I am a bachelor student who just started studying coding theory and I came across the following example in "Generalized Hamming weights for almost affine codes" by Johnsen and Verdure, page 4 (https://arxiv.org/abs/1601.01504):
We will use a running example throughout this paper. It is the almost affine code C ′ in [14, Example 5]. It is a code of length 3 and dimension 2 on the alphabet F = {0, 1, 2, 3}. Its set of codewords is
$$ \begin{matrix} 000 & 011 & 022 & 033 \\ 101 & 112 & 123 & 130 \\ 202 & 213 & 220 & 231 \\ 303 & 310 & 321 & 332 \\ \end{matrix} $$
[...] This is an example of an almost affine code which is not equivalent to a linear code, and not even to a multilinear code.
I understand why the code is almost affine. However, to me, it seems like this is a linear code, since all the codewords can be expressed as linear combinations of 101 and 011. What mistake am I making? Also, how would I check that it is not equivalent to a multilinear code? Thank you in advance.

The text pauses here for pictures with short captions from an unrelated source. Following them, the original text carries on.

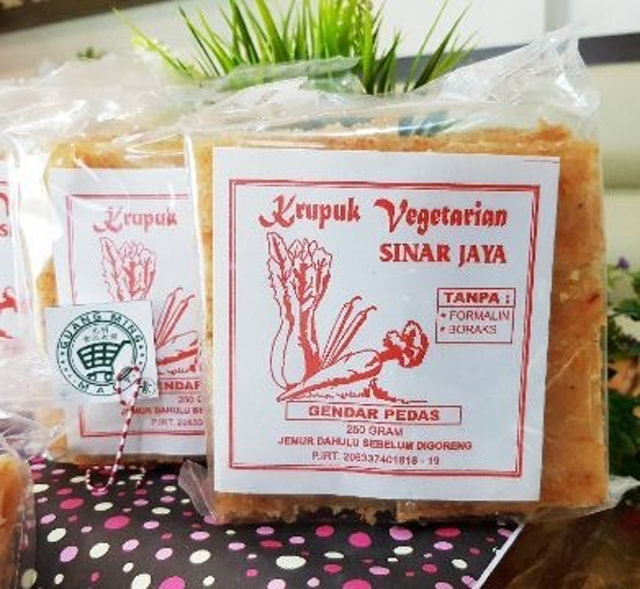 Sinar Jaya Krupuk Vegetarian Gendar Pedas 1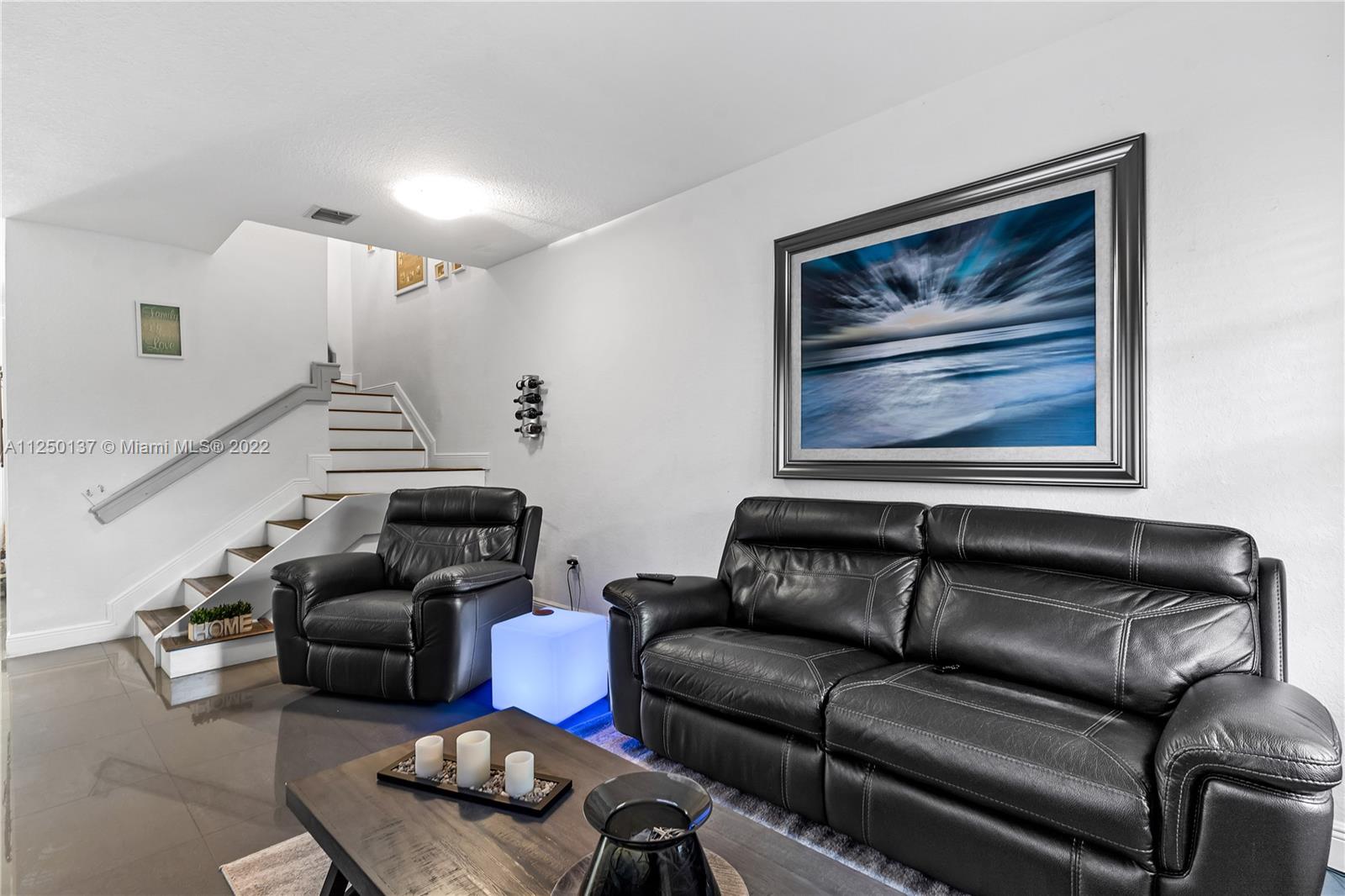 LAKES BY THE BAY GEE - Residential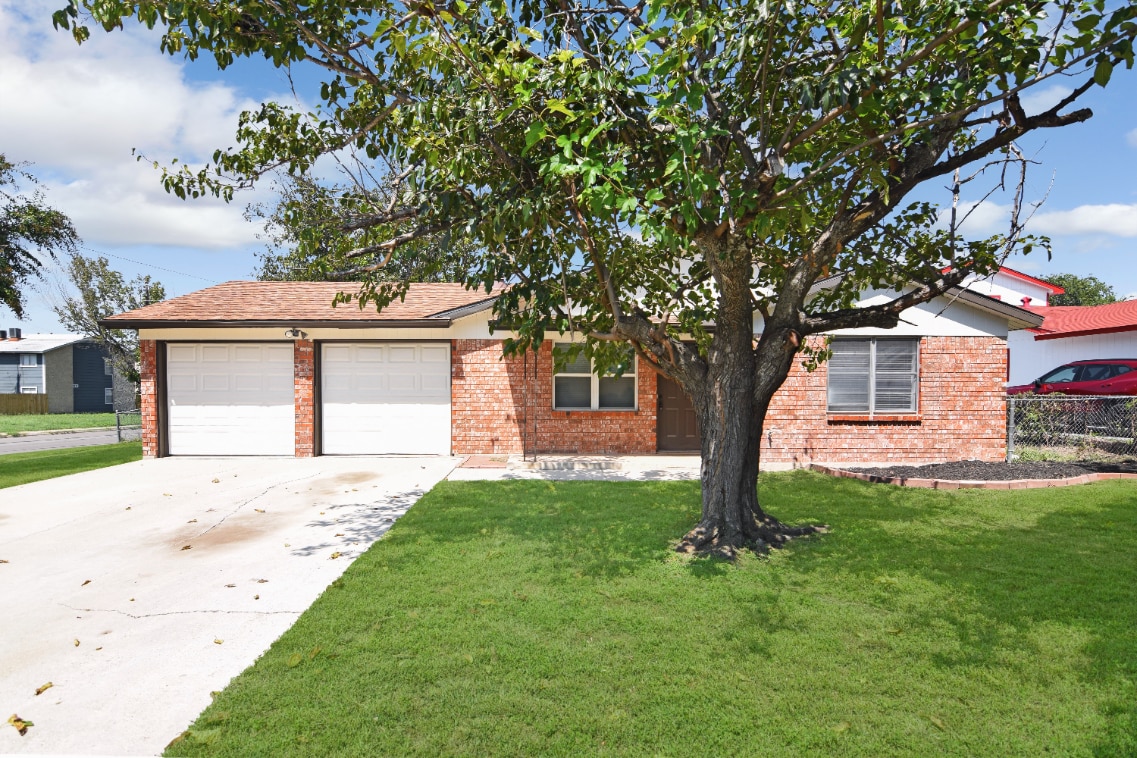 Primary Photo - 1019 West Ln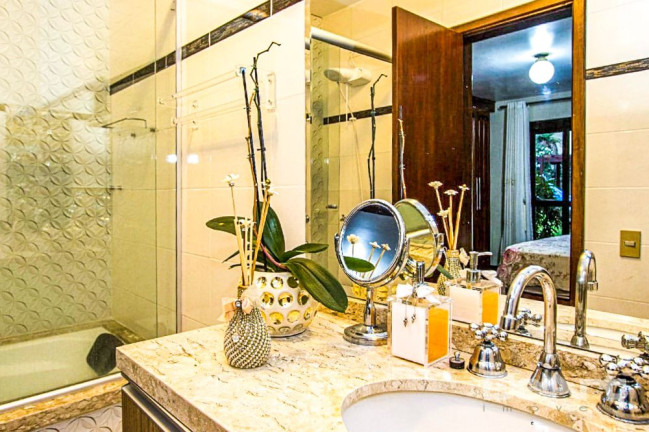 Imagem Casa com 3 Quartos à Venda, 310 m² em São Braz - Curitiba Imagem Casa com 3 Quartos à Venda, 310 m² em São Braz - Curitiba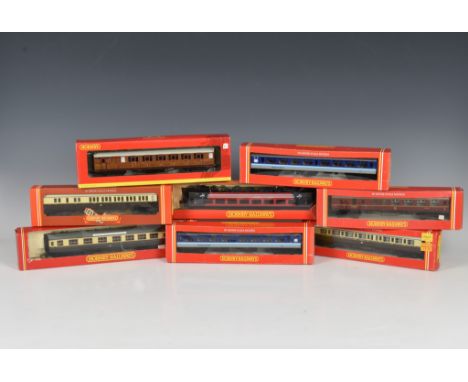 Hornby Railways - A collection of 00 gauge Locomotives / Coaches / Rolling Stock to include Locomotives - 4418, R.342, R 2679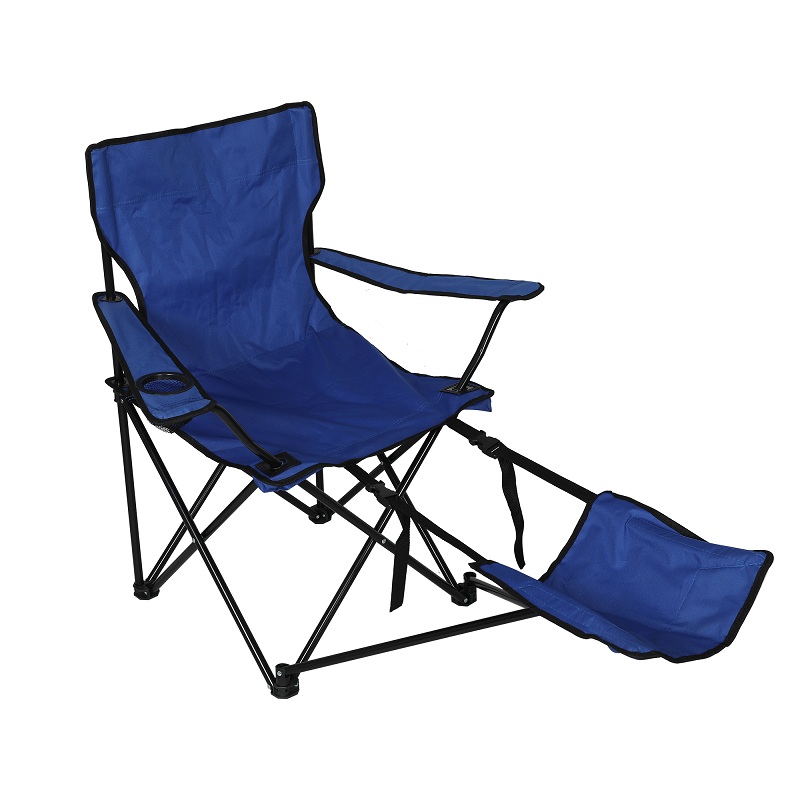 Folding chair with footrest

When people say a $C$ linear code, they mean that $C$ is linear subspace of a vector space. It is true that $C'$ is a sub-group of the group $(\mathbb Z/4\mathbb Z)^3$, generated by the two group elements $(1,0,1)$ and $(0,1,1)$, but since it is not a sub-space of a vector space, we cannot call $C'$ linear. Note that $\mathbb Z/4\mathbb Z$ is not a field.
I do not know about how to prove it is not equivalent to a (multi)linear code, perhaps someone else can answer about that.